Guerra no Irã: ataques e sucessão de Khamenei ampliam tensão no 10º dia de conflito. (IBRAHIM AMRO/AFP)
Repórter
Publicado em 9 de março de 2026 às 06h31.
A guerra entre Estados Unidos, Israel e Irã entrou no décimo dia nesta segunda-feira, 9, com novos ataques iranianos contra Israel, confrontos no Líbano, impacto crescente no mercado de petróleo e a primeira ofensiva militar após a nomeação de Mojtaba Khamenei como novo líder supremo do país.
O Irã anunciou o lançamento de uma nova salva de mísseis contra Israel, a primeira desde que Mojtaba assumiu a liderança no domingo. Ele substitui seu pai, Ali Khamenei, morto no primeiro dia da guerra, em 28 de fevereiro.
A televisão estatal iraniana exibiu imagens de um projétil com a frase “Às suas ordens, Seyyed Mojtaba”, em referência religiosa ao novo líder.
Em resposta, o Exército de Israel anunciou uma nova onda de bombardeios contra alvos que classificou como infraestrutura do regime iraniano no centro do país.
A escalada também atingiu países do Golfo.
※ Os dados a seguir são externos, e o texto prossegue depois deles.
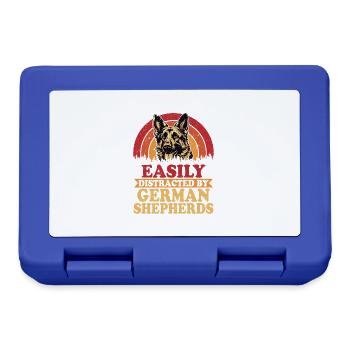 Easily Distracted By German Sheperds Dog Owner Pup - Lunchbox - royal blue - Front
O Ministério da Saúde do Bahrein informou que 32 civis ficaram feridos após um ataque iraniano com drones contra a ilha de Sitra.
Segundo o governo local, quatro pessoas estão em estado grave, incluindo crianças.
Horas depois, um bombardeio iraniano provocou um incêndio em uma instalação petrolífera em Al Ma'ameer, causando danos materiais.
Desde o início da guerra, o Irã lançou ataques contra países aliados dos Estados Unidos no Golfo, incluindo Arábia Saudita, Emirados Árabes Unidos, Catar, Kuwait e o próprio Bahrein.
A Arábia Saudita condenou os ataques e afirmou que eles “não podem ser aceitos nem justificados sob nenhuma circunstância”.
No Líbano, o grupo Hezbollah afirmou ter enfrentado tropas israelenses após uma tentativa de incursão aérea no leste do país.
Segundo o movimento, cerca de 15 helicópteros militares israelenses sobrevoaram a região de Nabi Chit antes de desembarcar soldados.
Combatentes do Hezbollah afirmaram ter reagido à operação e enfrentado as tropas israelenses.
A incursão ocorre dois dias após uma operação semelhante que deixou cerca de 40 mortos na região.
Desde o início da ofensiva israelense no Líbano, autoridades locais relatam quase 400 mortos e mais de meio milhão de deslocados.
O conflito também provocou forte impacto nos mercados de energia.
O barril do West Texas Intermediate, referência do mercado americano, ultrapassou US$ 118, com alta superior a 30% no mercado asiático.
Já o Brent, referência internacional, também superou a marca de US$ 118 por barril, acumulando avanço de cerca de 27%.
O aumento reflete temores de interrupções no fornecimento de petróleo no Golfo Pérsico, região responsável por uma parcela significativa da produção mundial.
A tensão regional também levou a Turquia a mobilizar seis caças General Dynamics F-16 Fighting Falcon para Chipre do Norte, território reconhecido apenas por Ancara.
A medida foi tomada uma semana após a ilha ter sido alvo de um ataque com drones em meio à escalada militar no Oriente Médio.
O United States Central Command anunciou a morte de um militar que havia ficado ferido em um ataque iraniano ocorrido em 1º de março.
Com isso, sobe para sete o número de soldados americanos mortos desde o início da guerra.
O Exército iraniano também advertiu que poderá atacar instalações petrolíferas na região caso Israel continue bombardeando infraestrutura energética no país.
Segundo o porta-voz militar Ebrahim Zolfaghari, os mercados podem enfrentar uma disparada ainda maior nos preços do petróleo.
“Se podem tolerar que o petróleo suba para mais de 200 dólares por barril, continuem com esse jogo”, declarou.
Autoridades iranianas afirmaram que o país está preparado para sustentar um conflito prolongado.
O porta-voz da Guarda Revolucionária Islâmica, Ali Mohammad Naini, declarou que as forças armadas iranianas podem manter ao menos seis meses de guerra intensa no ritmo atual.
Em meio à escalada militar, a organização Human Rights Watch acusou Israel de utilizar munições de fósforo branco em ataques contra áreas residenciais no sul do Líbano.
Segundo a entidade, projéteis com esse tipo de substância foram utilizados em bombardeios na localidade de Yohmor no dia 3 de março.
A organização afirma que o uso da arma em áreas habitadas pode provocar incêndios, queimaduras graves e mortes.